• MATERIAL SHOWN:
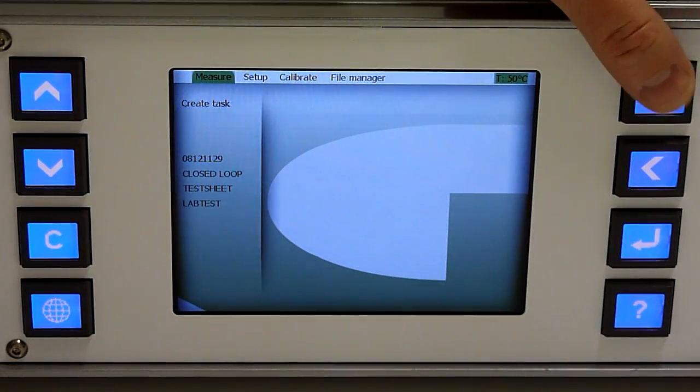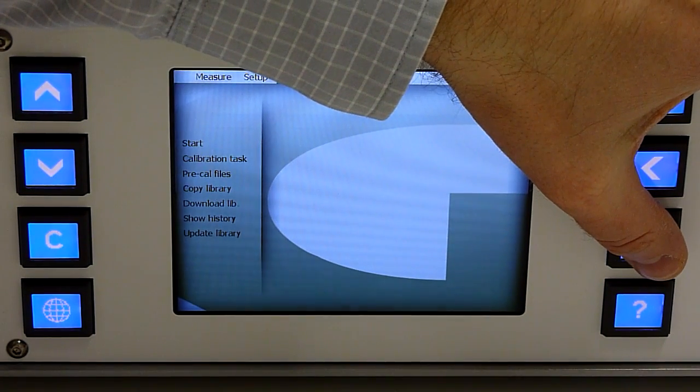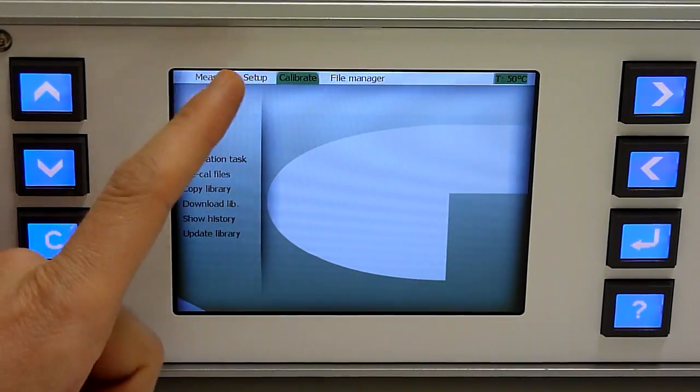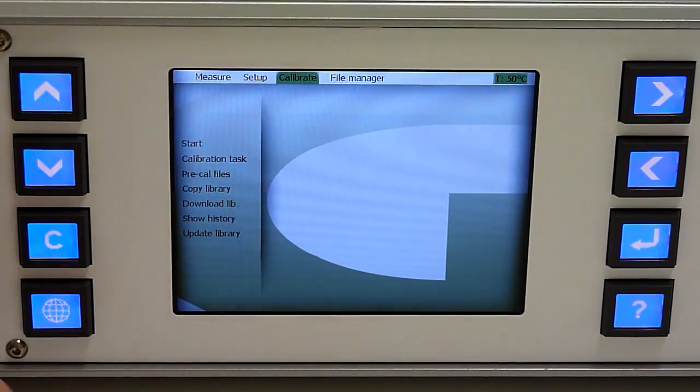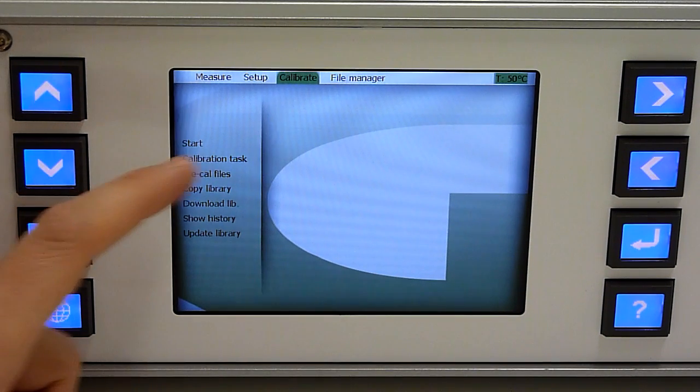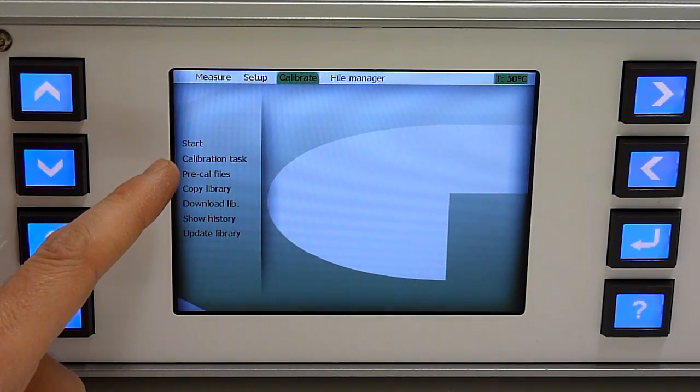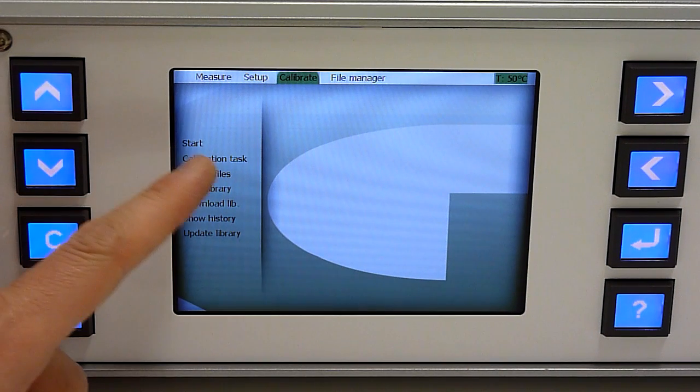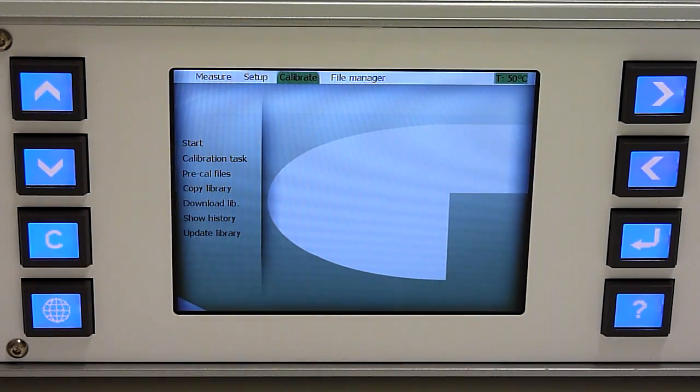Calibration of the instrument. When you go into the calibration menu, you have possibilities to calibrate the instrument and define parameters for the calibration task.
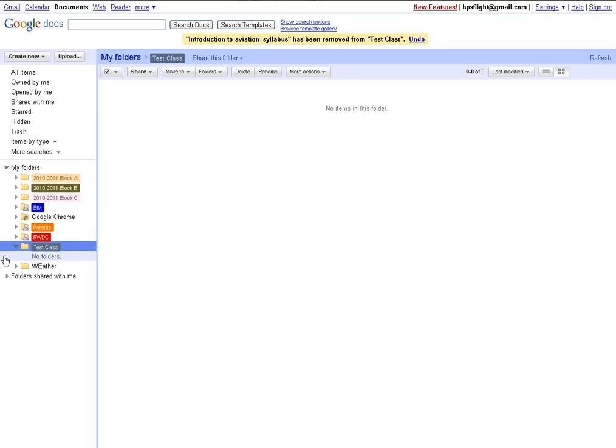Hi, my name is Mike McHugh and today I'd like to tell you about one of the features of Google Docs available to teachers using Google Apps for Education.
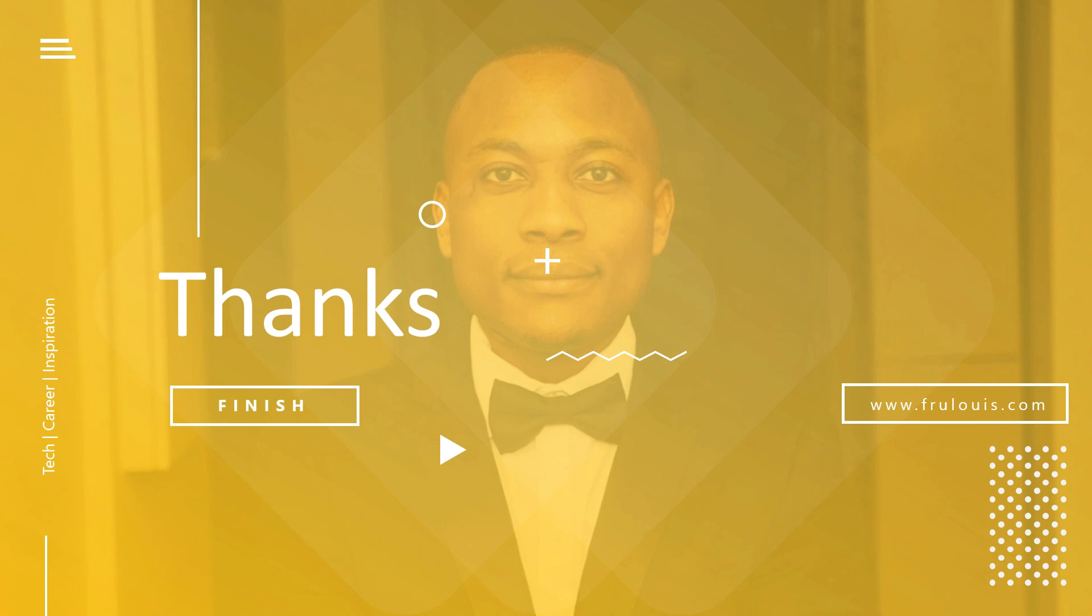Thanks for watching. This is Fruit. I really appreciate you joining to the end. Hopefully this was helpful. Like this video if you liked it, share it with somebody that might get value out of it. And I will see you in the next presentation.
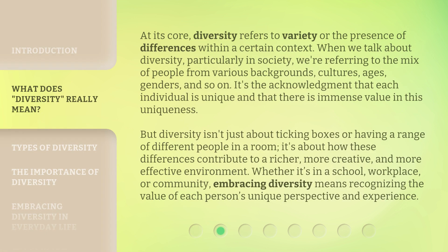At its core, diversity refers to variety, or the presence of differences within a certain context. When we talk about diversity, particularly in society, we're referring to the mix of people from various backgrounds, cultures, ages, genders, and so on. It's the acknowledgement that each individual is unique and that there is immense value in this uniqueness.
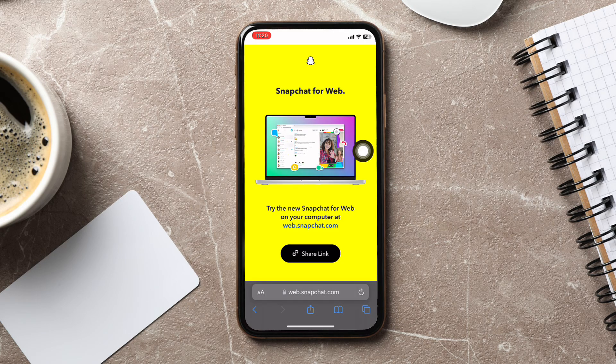After that, you will be taken to this website right here. Now enter your Snapchat credentials to log in. You may need to verify your account through two-factor authentication.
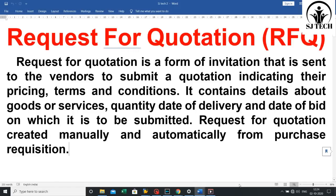In this video we will discuss about Request for Quotation. Request for Quotation is a form of invitation that is sent to the vendors to submit a quotation indicating their pricing, the terms and conditions. It contains details about goods or services, quantity, date of delivery, and date of bid on which it is to be submitted.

• ACTIVITY: An exact copy is needed of the lines running from the one containing "After that, you" through the last line of the material, and of no others; pictures stay out.

• OUTPUT:
After that, you will be taken to this website right here. Now enter your Snapchat credentials to log in. You may need to verify your account through two-factor authentication.
In this video we will discuss about Request for Quotation. Request for Quotation is a form of invitation that is sent to the vendors to submit a quotation indicating their pricing, the terms and conditions. It contains details about goods or services, quantity, date of delivery, and date of bid on which it is to be submitted.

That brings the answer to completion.